El jardín de las certezas de Diana Ramírez Luna / Adriana Dorantes
El jardín de las certezas
Lo mejor
- La creación de un mundo de fantasía con sus reglas bien definidas y verosímiles
- La forma de narrar, intercaladamente y en equilibrio, las dos realidades: lo que habita detrás del cuadro y la realidad de la protagonista
Puede mejorar
- La inclusión del idioma francés causa extrañeza al lector pues no está totalmente justificado
¿En qué momento el duelo se convierte en un parteaguas existencial tan poderoso que precisa de la fe para superarlo? ¿Cómo es que sólo en la imaginación se logra afianzar un camino de vida hacia el futuro? ¿De qué manera la fantasía llega a la vida para transformarla? Estas son algunas preguntas que plantea Diana Ramírez Luna en su primera novela, El jardín de las certezas.
Natalia, la protagonista, recibe un regalo de su padre: un enorme cuadro llamado “El jardín de las certezas”, cuyo autor es un tal André Baccili, misterioso pintor, y aquí comenzamos a ver que no se trata sólo de una pintura, sino una suerte de portal hacia un mundo alterno. Y aquí la novela comienza a virar hacia la fantasía entremezclada con características propias de la llamada Bildungsroman o novela de aprendizaje.
Uno de los grandes aciertos de la narrativa es justamente la construcción de este “otro” mundo, sus reglas, sus habitantes, sus paisajes, detalles en los que la verosimilitud adentra sin problemas al lector para realizar el pacto del mundo fantástico y ceder a la imaginación. En el jardín de las certezas hay un universo tan real como cualquier otro y, si los espectadores son incapaces de conferir este aspecto de realidad, el mismo jardín comenzaría a marchitarse hasta desaparecer. Natalia tiene que dar un verdadero salto de fe hacia dentro, comprometer sus convicciones y ceder al hecho de que el agua que escucha por las noches efectivamente proviene del cuadro, y que si sus pies se han manchado de rojo a causa de las flores que ha pisado es porque en sueños ha visitado ese otro lugar que es tan real como el que ha conocido toda su vida.
En la novela, la autora nos lleva caminando entre historias, entre realidades. Por un lado, nos sumerge en la exploración de lo que sucede con su familia: su pareja, los evidentes conflictos que tiene con su madre, la ausencia dolorosa de su hermana y el amor y apego desmedidos hacia su padre. A la par de esto nos lleva a las historias que suceden en el jardín: su encuentro con André, y los demás personajes que también habitan el jardín: Verania, Damián y Santiago.

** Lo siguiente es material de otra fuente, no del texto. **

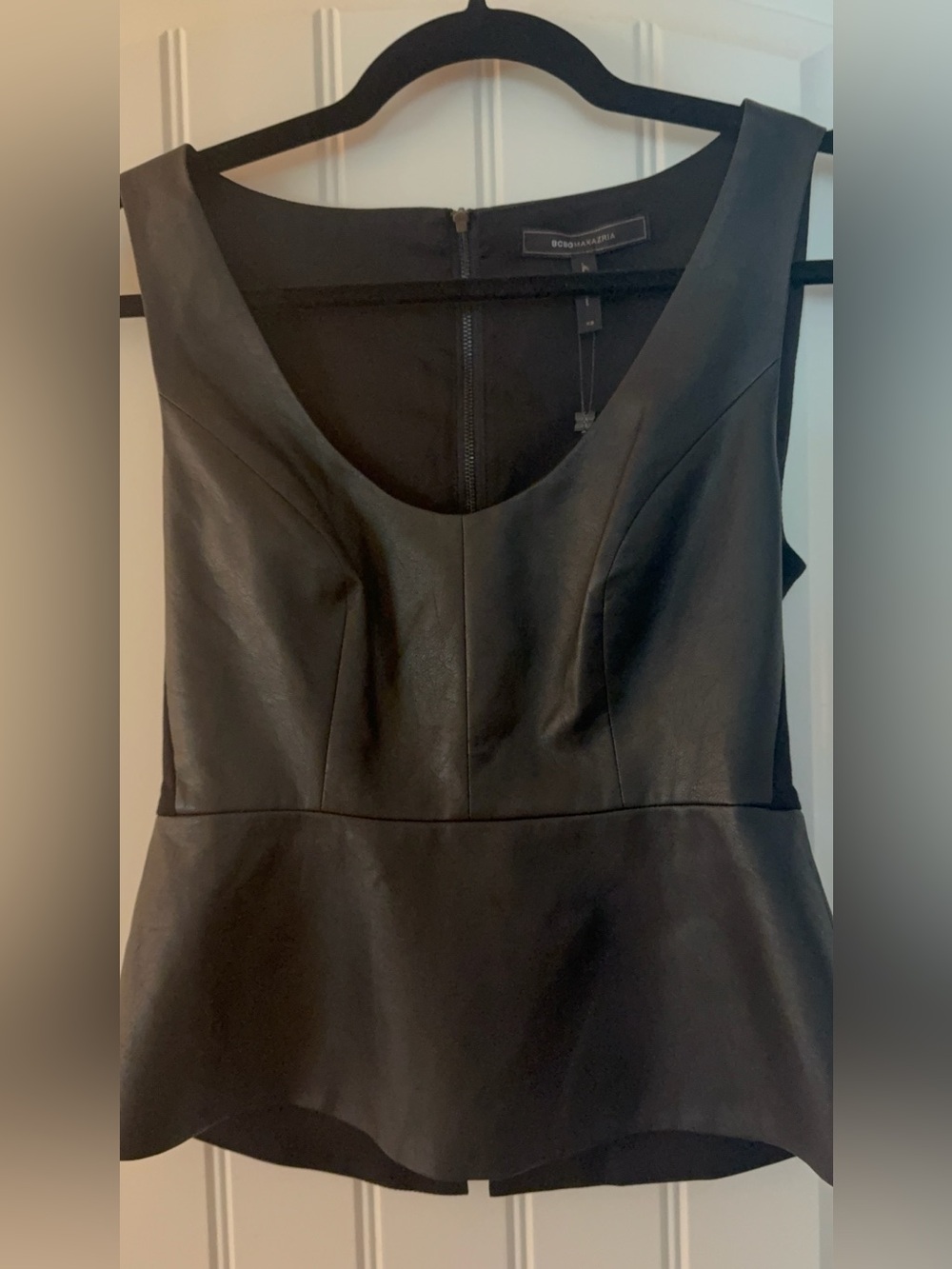 BCBGMAXAZRIA Faux Leather Peplum Top NWT XS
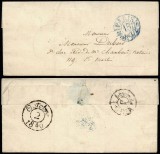 France 1840 Postal History Rare Stampless cover Paris D.270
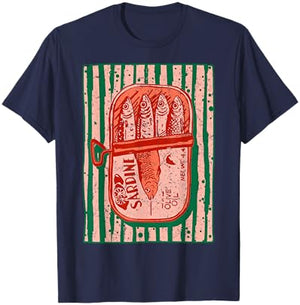 Sardines Tinned Fish Retro Graphic Mediterranean Coastal T-Shirt - T-Shirt | Navy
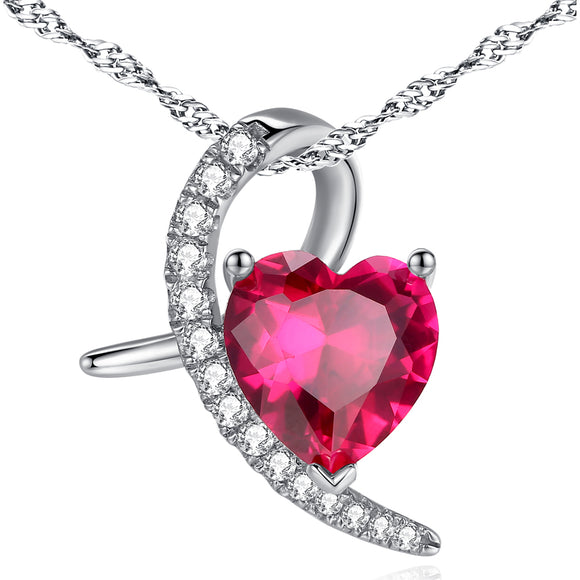 MABELLA 925 Sterling Silver Simulated Ruby Heart Pendant Necklace Gifts for Women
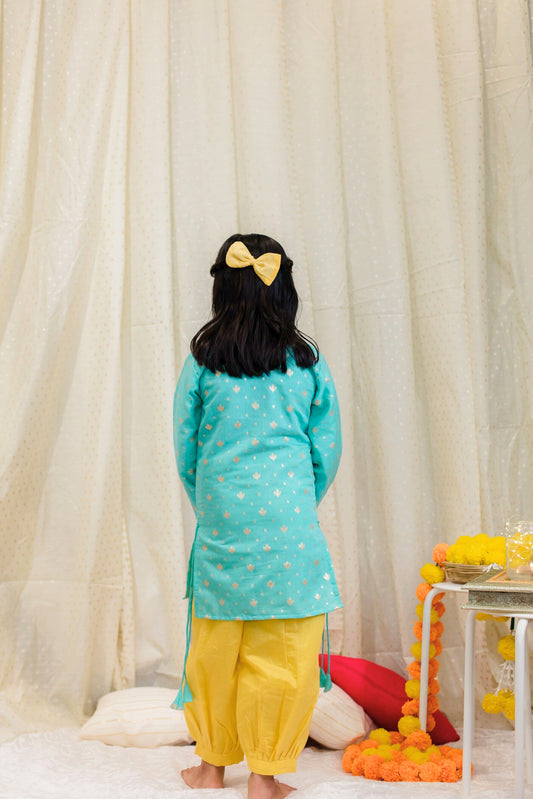 Rama blue chanderi kurta and yellow pant set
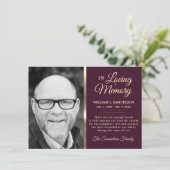 Eggplant Beileid Beerdigung Gedächtnis DANK IHNEN Dankeskarte (Stehend Vorderseite)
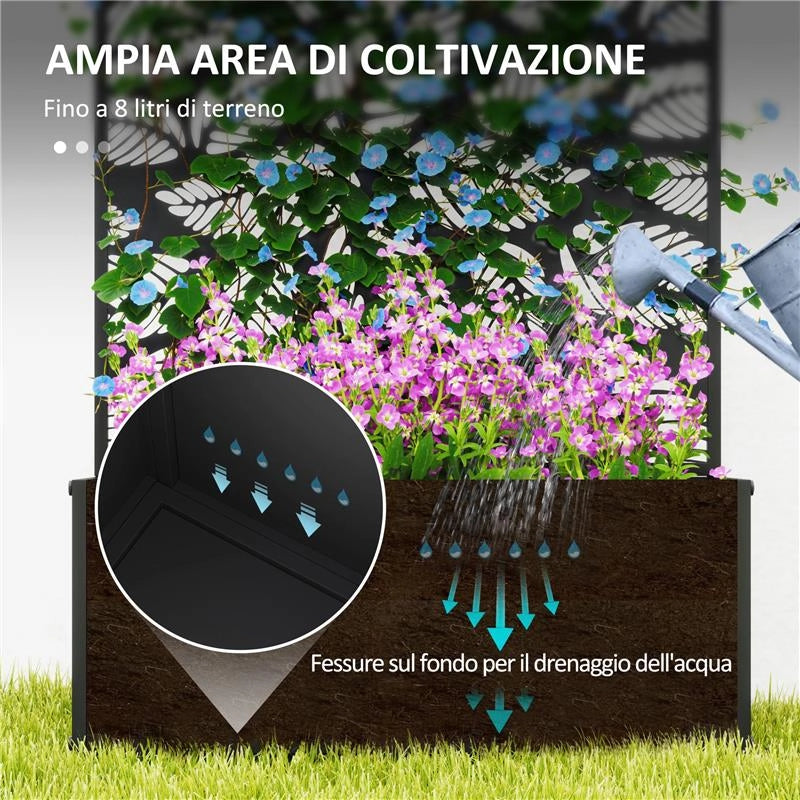 FIORIERA RIALZATA CON TRALICCIO DECORATIVO PER RAMPICANTI DA TERRA E PARETE 61X23X113 CM NERO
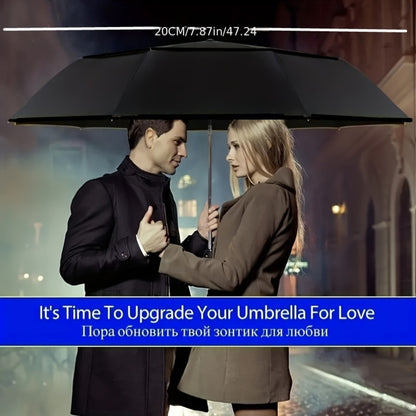Large Windproof Waterproof Folding Umbrella, All-Weather +, Upgraded Reinforced Thick Steel Ribs, Suitable for Business Men And Women, Reinforced Umbrellas for Rainy And Sunny Days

En este viaje de reconocimiento, Natalia tiene que tomar una decisión difícil: quedarse en el jardín para siempre, o volver a su vida habitual sin la posibilidad de regresar jamás al jardín. Decisión complicada pues ella misma se ha encontrado en el jardín, ha olvidado el vacío, es plena y feliz, incluso se ha dado cuenta de lo que es realmente el amor y la compañía, mientras que su vida ordinaria le ofrece conflictos y decepciones.
Cada capítulo abre con una “estación”, detalle que, además de la estructura del viaje del héroe, también sugiere la transición, el movimiento. Todas las estaciones están acompañadas por una suerte de subtítulos que más bien son sentencias diversas en las que la autora ofrece una reflexión particular que está relacionada con cada capítulo.
El desenlace, de manera muy sutil, nos sugiere que Natalia ha hecho este viaje de aprendizaje y transformación al final del cual debe tomar una decisión de vida: ella opta por enfrentar sus miedos y superar los vacíos y las inseguridades. Esto hace que al final la autora nos entregue una novela fuerte y bien estructurada con una gran imaginación que bien engarzada con la narrativa, nunca deja caer la historia. Una novela que cautivará totalmente a un público juvenil que quiera una historia fantástica pero que también le signifique de manera existencial.